» WHAT THE TASK ASKS
Of the lines below, write out exactly those from the line with "Ladies Irish Tweed" through the line with "A library where", both included, and skip the rest.

» PROVIDED INFORMATION

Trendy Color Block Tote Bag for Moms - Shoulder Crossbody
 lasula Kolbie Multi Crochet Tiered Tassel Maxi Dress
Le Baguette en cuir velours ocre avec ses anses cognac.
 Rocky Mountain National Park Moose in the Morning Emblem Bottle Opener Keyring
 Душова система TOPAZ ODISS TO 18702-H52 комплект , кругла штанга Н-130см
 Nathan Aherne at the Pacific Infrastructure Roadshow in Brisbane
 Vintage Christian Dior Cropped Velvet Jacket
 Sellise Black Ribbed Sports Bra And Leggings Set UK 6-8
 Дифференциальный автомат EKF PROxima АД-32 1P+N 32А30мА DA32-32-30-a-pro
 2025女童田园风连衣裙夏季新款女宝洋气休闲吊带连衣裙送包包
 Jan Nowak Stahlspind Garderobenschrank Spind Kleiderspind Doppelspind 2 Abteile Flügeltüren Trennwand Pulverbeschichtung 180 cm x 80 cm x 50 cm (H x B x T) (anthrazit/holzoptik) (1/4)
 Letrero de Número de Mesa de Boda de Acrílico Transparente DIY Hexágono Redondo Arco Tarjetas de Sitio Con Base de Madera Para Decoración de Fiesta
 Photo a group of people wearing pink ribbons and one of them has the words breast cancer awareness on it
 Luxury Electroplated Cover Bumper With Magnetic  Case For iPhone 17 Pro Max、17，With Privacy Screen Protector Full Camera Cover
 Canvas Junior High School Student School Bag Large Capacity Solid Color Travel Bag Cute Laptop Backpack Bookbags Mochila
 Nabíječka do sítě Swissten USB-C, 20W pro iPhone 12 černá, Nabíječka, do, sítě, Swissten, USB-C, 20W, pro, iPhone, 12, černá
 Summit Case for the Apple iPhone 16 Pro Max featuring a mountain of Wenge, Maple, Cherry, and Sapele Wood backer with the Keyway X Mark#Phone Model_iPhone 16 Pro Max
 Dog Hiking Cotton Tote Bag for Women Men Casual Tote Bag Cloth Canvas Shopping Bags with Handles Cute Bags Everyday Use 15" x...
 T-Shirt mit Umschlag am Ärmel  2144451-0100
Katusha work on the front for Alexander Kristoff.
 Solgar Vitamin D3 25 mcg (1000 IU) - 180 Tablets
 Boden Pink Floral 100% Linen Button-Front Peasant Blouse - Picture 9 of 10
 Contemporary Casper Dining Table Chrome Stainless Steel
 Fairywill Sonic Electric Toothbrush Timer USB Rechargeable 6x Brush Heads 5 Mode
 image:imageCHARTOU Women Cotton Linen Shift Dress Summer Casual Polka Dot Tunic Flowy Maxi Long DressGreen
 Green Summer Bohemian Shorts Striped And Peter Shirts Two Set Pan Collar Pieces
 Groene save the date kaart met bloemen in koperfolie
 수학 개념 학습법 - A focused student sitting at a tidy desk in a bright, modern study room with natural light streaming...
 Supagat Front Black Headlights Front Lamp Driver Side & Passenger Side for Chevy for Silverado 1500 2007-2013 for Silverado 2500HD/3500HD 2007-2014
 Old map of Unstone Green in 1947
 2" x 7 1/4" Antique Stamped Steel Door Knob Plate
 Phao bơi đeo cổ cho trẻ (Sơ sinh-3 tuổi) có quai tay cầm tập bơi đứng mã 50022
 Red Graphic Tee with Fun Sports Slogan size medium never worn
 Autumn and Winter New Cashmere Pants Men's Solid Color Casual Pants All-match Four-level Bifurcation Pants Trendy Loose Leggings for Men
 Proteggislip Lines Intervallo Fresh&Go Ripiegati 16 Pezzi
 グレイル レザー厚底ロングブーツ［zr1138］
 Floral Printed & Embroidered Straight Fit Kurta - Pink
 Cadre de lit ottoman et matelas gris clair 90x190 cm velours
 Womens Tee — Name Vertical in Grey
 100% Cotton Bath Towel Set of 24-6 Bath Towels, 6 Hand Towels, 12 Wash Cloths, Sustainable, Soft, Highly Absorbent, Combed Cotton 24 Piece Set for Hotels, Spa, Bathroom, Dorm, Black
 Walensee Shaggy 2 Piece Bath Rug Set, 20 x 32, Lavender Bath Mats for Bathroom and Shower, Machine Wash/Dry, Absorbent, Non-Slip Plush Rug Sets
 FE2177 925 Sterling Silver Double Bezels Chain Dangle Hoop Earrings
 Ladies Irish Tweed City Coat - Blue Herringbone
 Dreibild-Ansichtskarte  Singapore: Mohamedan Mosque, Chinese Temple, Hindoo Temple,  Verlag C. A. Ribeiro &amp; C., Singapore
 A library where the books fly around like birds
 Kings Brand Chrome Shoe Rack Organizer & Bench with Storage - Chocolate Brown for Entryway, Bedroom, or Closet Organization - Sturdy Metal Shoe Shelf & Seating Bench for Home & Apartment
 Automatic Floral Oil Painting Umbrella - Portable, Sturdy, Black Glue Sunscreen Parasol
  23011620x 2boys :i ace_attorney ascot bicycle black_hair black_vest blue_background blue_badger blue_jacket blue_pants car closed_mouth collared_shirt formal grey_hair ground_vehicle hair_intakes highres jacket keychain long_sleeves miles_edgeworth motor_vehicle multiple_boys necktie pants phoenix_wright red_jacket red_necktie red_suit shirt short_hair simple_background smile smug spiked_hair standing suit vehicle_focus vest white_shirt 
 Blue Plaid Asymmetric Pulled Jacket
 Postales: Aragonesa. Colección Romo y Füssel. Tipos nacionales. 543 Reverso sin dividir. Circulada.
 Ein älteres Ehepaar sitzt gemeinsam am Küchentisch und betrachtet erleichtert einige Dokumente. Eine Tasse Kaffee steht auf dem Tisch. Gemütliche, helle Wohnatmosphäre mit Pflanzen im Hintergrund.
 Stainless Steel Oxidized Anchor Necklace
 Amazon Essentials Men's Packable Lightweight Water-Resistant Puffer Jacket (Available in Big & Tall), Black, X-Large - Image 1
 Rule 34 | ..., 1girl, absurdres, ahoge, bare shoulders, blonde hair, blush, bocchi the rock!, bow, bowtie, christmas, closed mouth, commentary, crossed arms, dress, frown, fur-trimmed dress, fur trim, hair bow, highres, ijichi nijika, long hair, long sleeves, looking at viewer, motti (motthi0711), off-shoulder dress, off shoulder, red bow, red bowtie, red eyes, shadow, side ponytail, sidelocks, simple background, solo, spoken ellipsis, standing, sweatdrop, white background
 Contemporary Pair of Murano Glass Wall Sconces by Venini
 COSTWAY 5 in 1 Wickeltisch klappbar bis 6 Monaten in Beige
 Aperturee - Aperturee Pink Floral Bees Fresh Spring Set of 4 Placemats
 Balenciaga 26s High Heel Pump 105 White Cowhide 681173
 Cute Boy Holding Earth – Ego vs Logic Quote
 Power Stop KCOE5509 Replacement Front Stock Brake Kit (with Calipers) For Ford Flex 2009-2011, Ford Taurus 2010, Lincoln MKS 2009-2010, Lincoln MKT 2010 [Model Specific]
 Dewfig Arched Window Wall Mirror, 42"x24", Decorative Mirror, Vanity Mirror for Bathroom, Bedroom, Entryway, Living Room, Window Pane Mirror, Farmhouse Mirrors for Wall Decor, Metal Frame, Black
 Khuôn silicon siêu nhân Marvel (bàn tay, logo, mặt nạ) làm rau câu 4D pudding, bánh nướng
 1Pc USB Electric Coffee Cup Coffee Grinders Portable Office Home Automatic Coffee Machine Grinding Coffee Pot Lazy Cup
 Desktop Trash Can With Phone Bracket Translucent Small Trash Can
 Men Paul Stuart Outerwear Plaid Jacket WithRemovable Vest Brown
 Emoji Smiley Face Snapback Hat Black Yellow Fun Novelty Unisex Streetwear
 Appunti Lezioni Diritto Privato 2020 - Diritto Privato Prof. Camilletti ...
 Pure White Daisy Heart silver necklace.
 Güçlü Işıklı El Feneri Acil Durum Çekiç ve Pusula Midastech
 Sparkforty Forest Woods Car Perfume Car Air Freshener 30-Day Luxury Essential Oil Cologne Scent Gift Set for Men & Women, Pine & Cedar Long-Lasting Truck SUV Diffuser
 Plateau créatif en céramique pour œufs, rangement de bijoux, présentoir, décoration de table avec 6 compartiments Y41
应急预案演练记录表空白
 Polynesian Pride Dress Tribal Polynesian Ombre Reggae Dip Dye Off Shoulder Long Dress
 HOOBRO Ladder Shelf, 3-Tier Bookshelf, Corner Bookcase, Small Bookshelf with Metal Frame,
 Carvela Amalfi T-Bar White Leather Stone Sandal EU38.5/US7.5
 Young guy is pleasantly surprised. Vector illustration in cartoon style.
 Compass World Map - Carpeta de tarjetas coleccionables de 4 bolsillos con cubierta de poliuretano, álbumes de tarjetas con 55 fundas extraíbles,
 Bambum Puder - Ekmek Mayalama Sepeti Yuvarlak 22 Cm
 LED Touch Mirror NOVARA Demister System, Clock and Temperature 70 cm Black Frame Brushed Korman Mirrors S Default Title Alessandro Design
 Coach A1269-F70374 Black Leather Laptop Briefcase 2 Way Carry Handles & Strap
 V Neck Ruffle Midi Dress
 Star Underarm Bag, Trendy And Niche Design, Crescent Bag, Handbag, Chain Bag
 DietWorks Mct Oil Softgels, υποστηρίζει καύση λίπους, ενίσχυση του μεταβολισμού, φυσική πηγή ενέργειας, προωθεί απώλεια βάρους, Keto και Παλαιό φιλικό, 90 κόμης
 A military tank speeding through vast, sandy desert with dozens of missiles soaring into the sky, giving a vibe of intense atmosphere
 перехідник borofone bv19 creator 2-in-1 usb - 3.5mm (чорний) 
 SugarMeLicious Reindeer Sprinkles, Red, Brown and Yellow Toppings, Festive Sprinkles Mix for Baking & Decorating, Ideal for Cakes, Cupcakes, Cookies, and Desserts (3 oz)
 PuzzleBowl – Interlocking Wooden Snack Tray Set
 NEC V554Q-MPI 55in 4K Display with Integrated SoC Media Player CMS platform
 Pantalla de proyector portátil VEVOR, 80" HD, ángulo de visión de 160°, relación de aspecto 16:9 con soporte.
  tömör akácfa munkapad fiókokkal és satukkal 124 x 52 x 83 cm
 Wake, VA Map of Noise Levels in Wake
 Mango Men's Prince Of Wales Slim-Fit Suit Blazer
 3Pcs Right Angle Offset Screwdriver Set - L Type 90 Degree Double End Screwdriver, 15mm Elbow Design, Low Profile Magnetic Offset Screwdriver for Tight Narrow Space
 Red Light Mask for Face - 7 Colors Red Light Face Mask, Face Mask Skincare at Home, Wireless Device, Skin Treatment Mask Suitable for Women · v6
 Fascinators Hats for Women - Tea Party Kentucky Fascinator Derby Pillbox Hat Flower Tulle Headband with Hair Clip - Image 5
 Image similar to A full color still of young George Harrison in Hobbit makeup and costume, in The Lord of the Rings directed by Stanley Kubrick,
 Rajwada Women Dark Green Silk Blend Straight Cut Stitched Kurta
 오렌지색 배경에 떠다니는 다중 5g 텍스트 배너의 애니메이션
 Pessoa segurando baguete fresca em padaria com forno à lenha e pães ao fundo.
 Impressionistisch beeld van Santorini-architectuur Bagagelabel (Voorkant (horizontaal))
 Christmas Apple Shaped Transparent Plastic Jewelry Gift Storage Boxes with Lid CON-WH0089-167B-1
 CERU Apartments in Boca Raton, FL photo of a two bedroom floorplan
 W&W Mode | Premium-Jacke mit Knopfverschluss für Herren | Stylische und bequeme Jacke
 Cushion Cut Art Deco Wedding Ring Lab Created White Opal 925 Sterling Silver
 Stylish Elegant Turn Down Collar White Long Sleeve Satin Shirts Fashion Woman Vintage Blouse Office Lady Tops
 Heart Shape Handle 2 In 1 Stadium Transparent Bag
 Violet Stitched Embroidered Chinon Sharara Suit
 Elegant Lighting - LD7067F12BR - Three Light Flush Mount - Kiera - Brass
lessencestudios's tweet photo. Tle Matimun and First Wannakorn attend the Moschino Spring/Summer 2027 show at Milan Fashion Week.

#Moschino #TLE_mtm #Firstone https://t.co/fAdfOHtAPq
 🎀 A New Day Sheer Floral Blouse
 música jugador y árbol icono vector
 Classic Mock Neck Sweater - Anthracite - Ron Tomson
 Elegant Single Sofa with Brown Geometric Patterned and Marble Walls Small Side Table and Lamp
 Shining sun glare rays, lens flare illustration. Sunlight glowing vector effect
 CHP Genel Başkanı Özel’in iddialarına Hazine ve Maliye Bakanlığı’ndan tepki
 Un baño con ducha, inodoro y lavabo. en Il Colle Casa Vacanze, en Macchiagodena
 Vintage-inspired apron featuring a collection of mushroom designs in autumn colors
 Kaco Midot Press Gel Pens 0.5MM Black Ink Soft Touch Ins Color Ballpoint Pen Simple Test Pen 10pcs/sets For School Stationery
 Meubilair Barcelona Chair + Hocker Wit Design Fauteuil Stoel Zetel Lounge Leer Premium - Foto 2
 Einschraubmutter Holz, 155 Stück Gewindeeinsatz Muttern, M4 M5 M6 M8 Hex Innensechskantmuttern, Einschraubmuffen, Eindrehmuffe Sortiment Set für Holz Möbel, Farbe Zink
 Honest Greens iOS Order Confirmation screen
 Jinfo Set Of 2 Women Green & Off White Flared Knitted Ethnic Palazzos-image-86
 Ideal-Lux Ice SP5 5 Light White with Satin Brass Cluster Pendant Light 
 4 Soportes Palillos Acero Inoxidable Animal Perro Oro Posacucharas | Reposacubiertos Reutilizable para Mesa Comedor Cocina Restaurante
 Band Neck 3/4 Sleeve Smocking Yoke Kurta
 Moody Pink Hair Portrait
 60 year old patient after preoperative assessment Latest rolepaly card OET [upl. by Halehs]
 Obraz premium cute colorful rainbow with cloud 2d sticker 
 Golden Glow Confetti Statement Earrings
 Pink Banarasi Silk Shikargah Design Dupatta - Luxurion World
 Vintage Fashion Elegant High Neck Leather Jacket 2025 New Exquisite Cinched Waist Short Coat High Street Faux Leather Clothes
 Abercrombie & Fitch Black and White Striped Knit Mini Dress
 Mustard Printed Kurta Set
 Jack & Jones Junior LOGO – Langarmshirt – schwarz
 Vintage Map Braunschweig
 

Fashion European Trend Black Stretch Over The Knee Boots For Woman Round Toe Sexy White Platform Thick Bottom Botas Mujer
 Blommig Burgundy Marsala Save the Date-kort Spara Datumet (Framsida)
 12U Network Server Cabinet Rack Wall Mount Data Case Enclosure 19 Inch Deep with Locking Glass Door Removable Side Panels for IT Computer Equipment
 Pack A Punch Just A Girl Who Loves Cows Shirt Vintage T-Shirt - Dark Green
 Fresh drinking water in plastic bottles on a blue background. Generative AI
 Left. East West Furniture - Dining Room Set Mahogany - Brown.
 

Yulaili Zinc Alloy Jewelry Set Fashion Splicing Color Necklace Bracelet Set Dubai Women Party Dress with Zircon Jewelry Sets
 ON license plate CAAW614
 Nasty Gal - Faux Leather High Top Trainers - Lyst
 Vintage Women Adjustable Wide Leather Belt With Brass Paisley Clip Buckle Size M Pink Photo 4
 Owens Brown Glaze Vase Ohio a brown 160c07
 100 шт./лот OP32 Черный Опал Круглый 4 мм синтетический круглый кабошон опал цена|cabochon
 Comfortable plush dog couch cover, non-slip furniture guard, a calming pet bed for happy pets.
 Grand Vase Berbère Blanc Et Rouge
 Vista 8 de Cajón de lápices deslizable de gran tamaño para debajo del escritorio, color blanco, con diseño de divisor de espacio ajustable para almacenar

» WRITTEN SOLUTION
 Ladies Irish Tweed City Coat - Blue Herringbone
 Dreibild-Ansichtskarte  Singapore: Mohamedan Mosque, Chinese Temple, Hindoo Temple,  Verlag C. A. Ribeiro &amp; C., Singapore
 A library where the books fly around like birds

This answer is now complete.